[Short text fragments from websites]
★ ★ ★ ★

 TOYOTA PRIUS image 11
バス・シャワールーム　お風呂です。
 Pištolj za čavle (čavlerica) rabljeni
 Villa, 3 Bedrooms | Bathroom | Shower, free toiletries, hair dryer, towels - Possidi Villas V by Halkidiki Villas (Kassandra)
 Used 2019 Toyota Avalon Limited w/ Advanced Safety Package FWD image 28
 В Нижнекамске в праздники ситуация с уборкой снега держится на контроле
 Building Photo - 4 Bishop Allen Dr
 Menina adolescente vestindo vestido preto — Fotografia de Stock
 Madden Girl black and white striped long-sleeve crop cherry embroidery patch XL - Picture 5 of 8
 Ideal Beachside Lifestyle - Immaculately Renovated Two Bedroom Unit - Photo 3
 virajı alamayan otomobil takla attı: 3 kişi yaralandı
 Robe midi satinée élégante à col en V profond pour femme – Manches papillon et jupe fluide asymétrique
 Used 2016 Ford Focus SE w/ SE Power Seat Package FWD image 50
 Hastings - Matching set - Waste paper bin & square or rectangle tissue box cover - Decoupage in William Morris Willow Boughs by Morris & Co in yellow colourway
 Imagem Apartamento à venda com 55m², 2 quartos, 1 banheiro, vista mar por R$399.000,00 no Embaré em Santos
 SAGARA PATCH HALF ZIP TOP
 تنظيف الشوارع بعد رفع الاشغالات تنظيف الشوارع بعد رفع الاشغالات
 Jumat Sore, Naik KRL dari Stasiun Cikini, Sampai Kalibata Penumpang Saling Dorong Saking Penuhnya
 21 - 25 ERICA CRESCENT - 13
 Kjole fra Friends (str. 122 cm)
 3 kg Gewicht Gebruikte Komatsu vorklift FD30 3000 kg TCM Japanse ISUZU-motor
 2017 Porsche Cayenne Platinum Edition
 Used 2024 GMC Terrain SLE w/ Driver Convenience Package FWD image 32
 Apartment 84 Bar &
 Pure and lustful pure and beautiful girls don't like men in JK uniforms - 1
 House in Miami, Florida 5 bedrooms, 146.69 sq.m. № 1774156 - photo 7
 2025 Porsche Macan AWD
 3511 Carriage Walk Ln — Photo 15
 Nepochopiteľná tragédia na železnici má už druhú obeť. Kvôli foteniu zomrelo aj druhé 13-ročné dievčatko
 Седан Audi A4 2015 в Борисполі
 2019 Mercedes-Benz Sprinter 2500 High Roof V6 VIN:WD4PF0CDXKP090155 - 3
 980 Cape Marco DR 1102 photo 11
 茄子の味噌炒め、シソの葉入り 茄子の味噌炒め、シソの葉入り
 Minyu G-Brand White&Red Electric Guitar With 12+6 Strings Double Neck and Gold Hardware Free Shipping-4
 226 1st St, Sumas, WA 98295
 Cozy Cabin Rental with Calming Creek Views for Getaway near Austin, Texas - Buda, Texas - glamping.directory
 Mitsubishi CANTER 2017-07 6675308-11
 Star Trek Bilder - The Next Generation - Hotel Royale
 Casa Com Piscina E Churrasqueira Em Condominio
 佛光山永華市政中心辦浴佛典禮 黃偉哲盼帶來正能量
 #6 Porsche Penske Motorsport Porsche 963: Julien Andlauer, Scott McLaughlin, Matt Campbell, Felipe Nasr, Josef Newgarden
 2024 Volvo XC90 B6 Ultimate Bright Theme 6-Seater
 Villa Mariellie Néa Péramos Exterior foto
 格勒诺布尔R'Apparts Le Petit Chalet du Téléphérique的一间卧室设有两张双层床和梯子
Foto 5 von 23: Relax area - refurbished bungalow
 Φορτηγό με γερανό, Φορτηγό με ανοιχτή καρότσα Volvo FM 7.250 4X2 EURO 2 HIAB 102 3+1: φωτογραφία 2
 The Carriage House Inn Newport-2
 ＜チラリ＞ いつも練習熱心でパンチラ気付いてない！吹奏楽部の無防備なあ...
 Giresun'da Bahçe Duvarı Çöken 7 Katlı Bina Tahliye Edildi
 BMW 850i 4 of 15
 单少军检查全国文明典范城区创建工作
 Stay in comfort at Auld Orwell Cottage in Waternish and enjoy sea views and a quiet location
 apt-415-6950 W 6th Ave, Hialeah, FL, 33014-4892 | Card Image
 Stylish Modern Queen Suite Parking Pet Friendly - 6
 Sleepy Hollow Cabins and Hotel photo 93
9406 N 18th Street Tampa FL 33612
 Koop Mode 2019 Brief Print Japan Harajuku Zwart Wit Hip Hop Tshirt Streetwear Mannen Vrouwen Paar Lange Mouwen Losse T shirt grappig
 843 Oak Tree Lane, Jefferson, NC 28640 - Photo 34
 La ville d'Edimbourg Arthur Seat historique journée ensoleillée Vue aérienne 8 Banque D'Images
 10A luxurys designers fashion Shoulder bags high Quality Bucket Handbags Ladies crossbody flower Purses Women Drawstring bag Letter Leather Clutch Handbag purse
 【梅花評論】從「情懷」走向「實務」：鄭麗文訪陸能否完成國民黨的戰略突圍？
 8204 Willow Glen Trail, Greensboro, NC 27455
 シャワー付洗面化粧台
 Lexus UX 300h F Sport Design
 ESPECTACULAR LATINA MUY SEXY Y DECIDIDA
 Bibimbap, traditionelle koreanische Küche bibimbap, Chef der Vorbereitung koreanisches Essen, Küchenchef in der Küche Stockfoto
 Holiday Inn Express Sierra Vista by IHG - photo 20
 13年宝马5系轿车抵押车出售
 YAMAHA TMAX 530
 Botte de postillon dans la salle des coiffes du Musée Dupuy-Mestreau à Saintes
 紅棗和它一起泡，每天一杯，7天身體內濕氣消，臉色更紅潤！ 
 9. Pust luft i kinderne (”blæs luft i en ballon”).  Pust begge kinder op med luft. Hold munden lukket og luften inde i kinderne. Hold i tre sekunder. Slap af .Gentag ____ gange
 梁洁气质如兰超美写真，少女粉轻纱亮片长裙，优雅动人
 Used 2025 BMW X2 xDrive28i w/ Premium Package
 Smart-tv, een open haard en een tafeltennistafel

★ ★ ★ ★

## DIRECTIONS FOR THIS TASK
Copy only this part of the entries above: the line with "Used 2019 Toyota", the line with "Apartment 84 Bar &", and the lines between, all exactly as written.

## WRITTEN SOLUTION
 Used 2019 Toyota Avalon Limited w/ Advanced Safety Package FWD image 28
 В Нижнекамске в праздники ситуация с уборкой снега держится на контроле
 Building Photo - 4 Bishop Allen Dr
 Menina adolescente vestindo vestido preto — Fotografia de Stock
 Madden Girl black and white striped long-sleeve crop cherry embroidery patch XL - Picture 5 of 8
 Ideal Beachside Lifestyle - Immaculately Renovated Two Bedroom Unit - Photo 3
 virajı alamayan otomobil takla attı: 3 kişi yaralandı
 Robe midi satinée élégante à col en V profond pour femme – Manches papillon et jupe fluide asymétrique
 Used 2016 Ford Focus SE w/ SE Power Seat Package FWD image 50
 Hastings - Matching set - Waste paper bin & square or rectangle tissue box cover - Decoupage in William Morris Willow Boughs by Morris & Co in yellow colourway
 Imagem Apartamento à venda com 55m², 2 quartos, 1 banheiro, vista mar por R$399.000,00 no Embaré em Santos
 SAGARA PATCH HALF ZIP TOP
 تنظيف الشوارع بعد رفع الاشغالات تنظيف الشوارع بعد رفع الاشغالات
 Jumat Sore, Naik KRL dari Stasiun Cikini, Sampai Kalibata Penumpang Saling Dorong Saking Penuhnya
 21 - 25 ERICA CRESCENT - 13
 Kjole fra Friends (str. 122 cm)
 3 kg Gewicht Gebruikte Komatsu vorklift FD30 3000 kg TCM Japanse ISUZU-motor
 2017 Porsche Cayenne Platinum Edition
 Used 2024 GMC Terrain SLE w/ Driver Convenience Package FWD image 32
 Apartment 84 Bar &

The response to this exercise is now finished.